Tous les ouvrages de Carl Rogers ont été traduits en espagnol, on y trouve donc des livres non traduits en français. En fait, l’œuvre de Rogers domine et nourrit largement le courant de la psychologie humaniste qui est très présente au Mexique, même dans les universités où la psychanalyse est en nette désuétude. Même si l’enseignement des idées de Rogers reste parfois superficiel, cela a le mérite de diffuser largement la pensée de Carl Rogers auprès des enseignants, des professionnels de la relation d’aide et de la psychothérapie.
Il est vrai que le Mexique a une tradition intellectuelle de la psychologie humaniste ancienne et toujours vivace.
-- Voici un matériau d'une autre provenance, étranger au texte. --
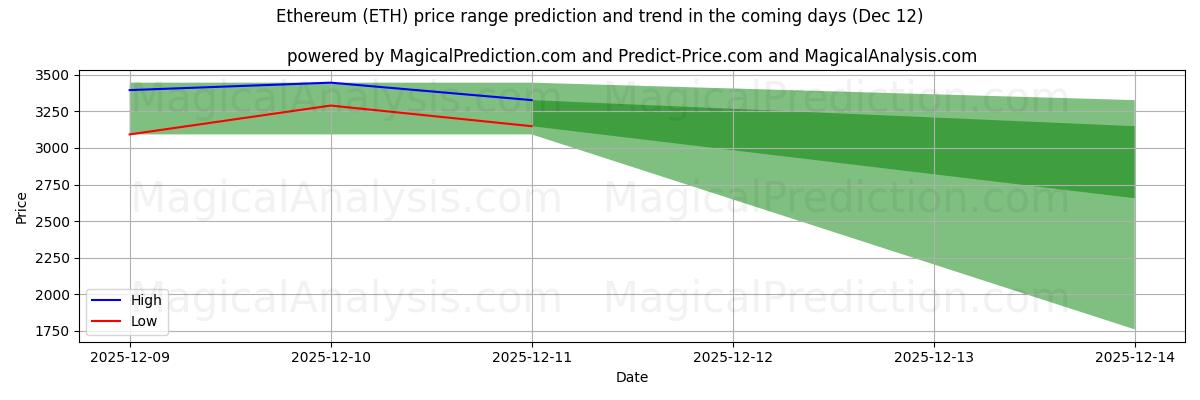 High and low price prediction by AI for Ethereum (ETH) (12 Dec)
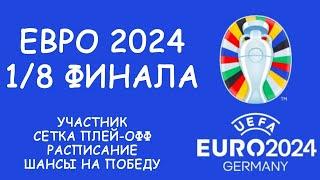 Евро 2024 . Все участники 18 финала. Сетка плей-офф. Расписание матчей шансы на победу команд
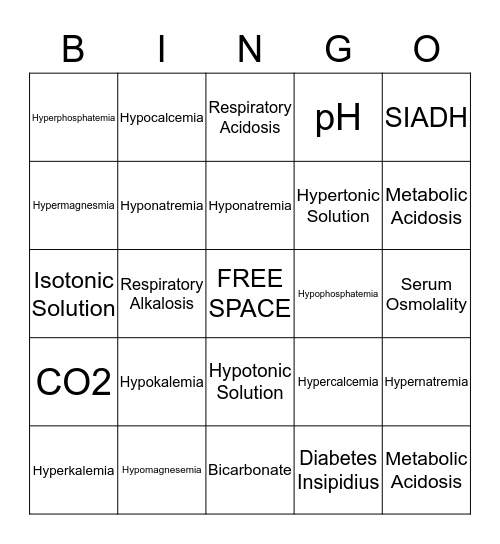 Acid Base and F & E BINGO Card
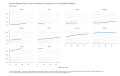 Nonfarm-Business-Sector-Labor-Productivity-Output-per-Hour-for-All-Employed-Persons-Index-Value-chart-3a-2023-03-13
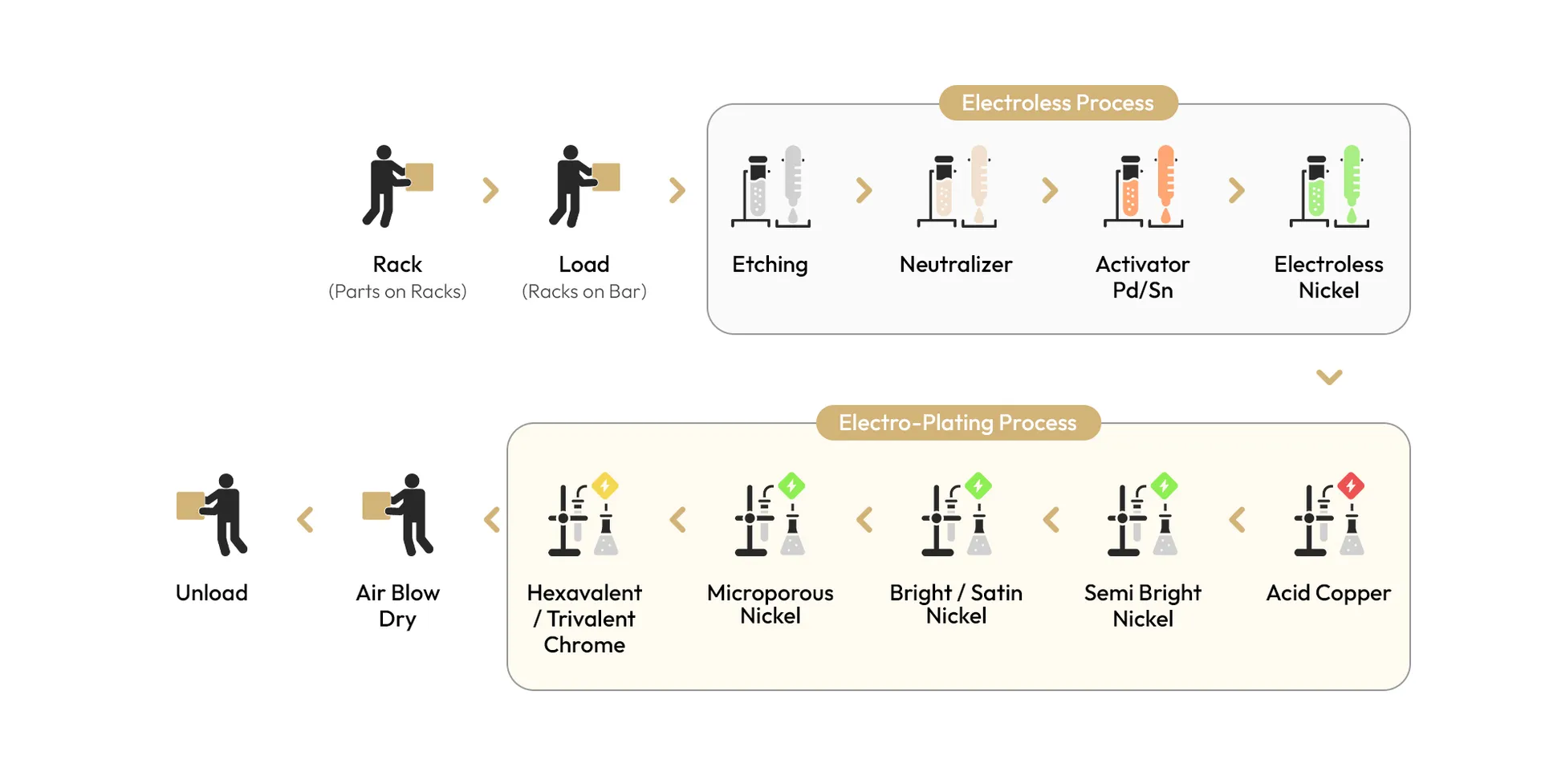 ChromePlating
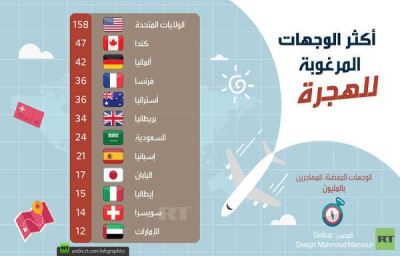 إنفوجرافيك| أكثر الوجهات المرغوبة للهجرة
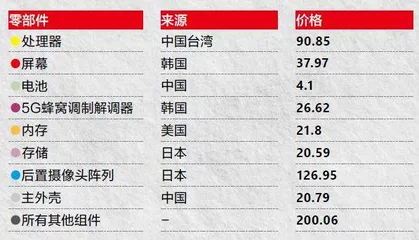 关税大棒来了,美国人的账越算越慌1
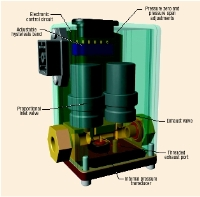 Hydraulicspneumatics Com Sites Hydraulicspneumatics com Files Uploads Custom Inline Archive Www hydraulicspneumatics com Content Site200 Articles 10 01 2005 12008 Pressure Re 00000005623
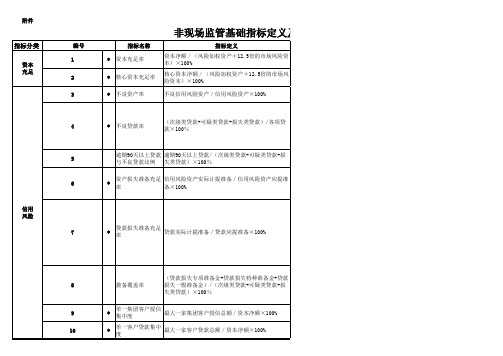 非现场监管基础指标定义及计算公式一览表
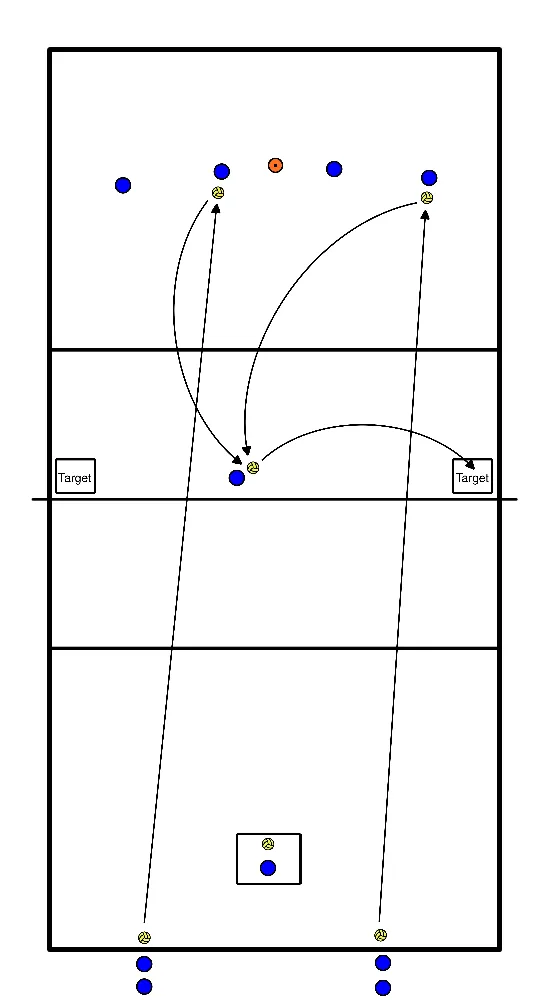 drawing Serve receive (progression drill)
Mentionnons par exemple la présence d’Erich Fromm au Mexique dans les années 50 où il enseigna à l’Université Nationale Autonome de Mexico (UNAM), celle du penseur humaniste Ivan Illich qui fonda en 1961 à Cuernavaca le Centre pour la formation interculturelle qui deviendra le fameux Centro Intercultural de Documentación (CIDOC), qui fonctionnera à Cuernavaca jusqu’en 1976. Le CIDOC, surnommé aussi “centre de subversion” (!) recevra de nombreuses personnalités intellectuelles de la contre-culture comme l’anarchiste poète et gestaltiste Paul Goodman, le grand pédagogue brésilien Paulo Freire ou encore Everett Reimer, l’un des plus importants penseurs du mouvement de la “société sans école”, du nom de l’ouvrage d’Ivan Illich : “deschooling society” (une société sans école).
Mais où sont passées toutes ces idées qui imaginaient une nouvelle société ?
Xavier (Clément) Haudiquet
Notes:
1- Juan Lafarga, décédé en 2015, a aussi été le fondateur et l’éditeur de la revue Prometeo, revue mexicaine de Psychologie humaniste et du développement personnel.
2- Mareotis est le nom d’une zone sur le delta du Nil où s’est installée la première communauté de “thérapeutes” à l’époque de Philon d’Alexandrie, quelques années avant J.-C.
3- Le Mexique n’a reçu qu’une seule fois (à Aguacalientes en 1996) les rencontres rogériennes d’Amérique latine (Encuentros latinoamericanos del Enfoque Centrado en la Persona) alors qu’elles ont été organisées à plusieurs reprises au Brésil et en Argentine.